その45 酒場

その45 酒場

古くから続く老舗の酒場が好きだ。年季の入った店内に交差する人間模様と、うまい酒。
夫に猫当番をお願いして、今日の店を決める。仕事を終えて電車を乗り継ぎ、もうすぐそこにある暖簾の向こうを思い描きながら駅の改札を足早に抜ける。次の角を右に曲がり、住宅街をしばらく進めば、あの店の灯りが見えてくる。
駅前の喧騒を抜けて路地に入ると、住宅街の沈着な空気が頬を掠め、急に冷静な気持ちが戻ってくる。地に足がついた状態で暖簾をくぐったその瞬間、一斉に集まる視線。あの、弾き出されそうになる「酒場の外側」の緊張感がたまらない。

席に落ち着き、いつもの大瓶を注文したら、おしぼりで手を拭きながら木札のメニューをじっくりと吟味する。近々の出来事を頭の中で整理したり、隣の会話にそっと耳を預けたりしながら、定点カメラのようにこの場所に佇み肴を待つ。
そして差し出された肴を口に運び、ビールを流し込む。酔いと旨さと安堵が、じわーっと身体の隅々にまで沁み渡っていくのを感じる至福の時だ。
長い時間をかけてなめされ、醸成されたカウンターに、毎夜人々が交差し、空いたグラスが並んでいく。
お座敷に上がる時、靴を脱いで向きを整えるように、暖簾の手前で現実を畳む。そうして、日常から解き放たれる特別な時間へと身を投じる。
美しい場所に身を委ねる時間は、そよ風のような鮮やかな気づきを運んでくれる。それは、一人で知らない街を散策する時間に似ている。

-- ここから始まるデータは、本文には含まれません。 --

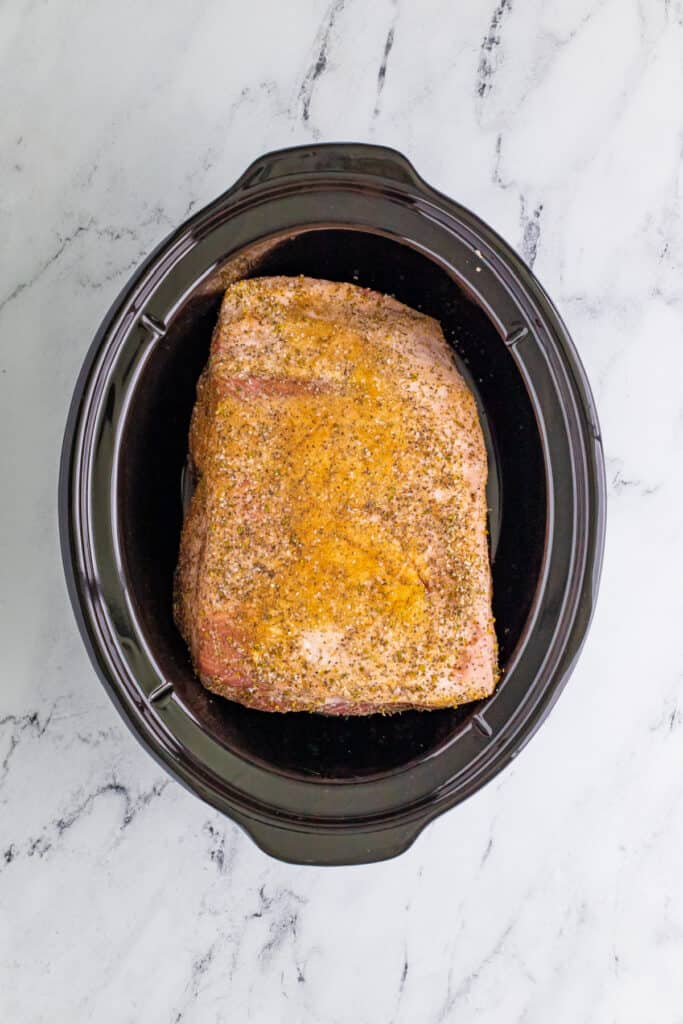 Seasoned pork shoulder in slow cooker for Slow Cooker Carnitas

私は、「受け入れられること」と「仲間になること」は似て非なるものだと思っている。受け入れられたいと願うことは、そこに所属したいと望むことではない。
温かい空気に包まれつつも、旅人のような身軽さで、「余所者」としてその場所に出向きたい。
その絶妙な距離感が、酒場を、そして自分を心地よく保ってくれているのだと思う。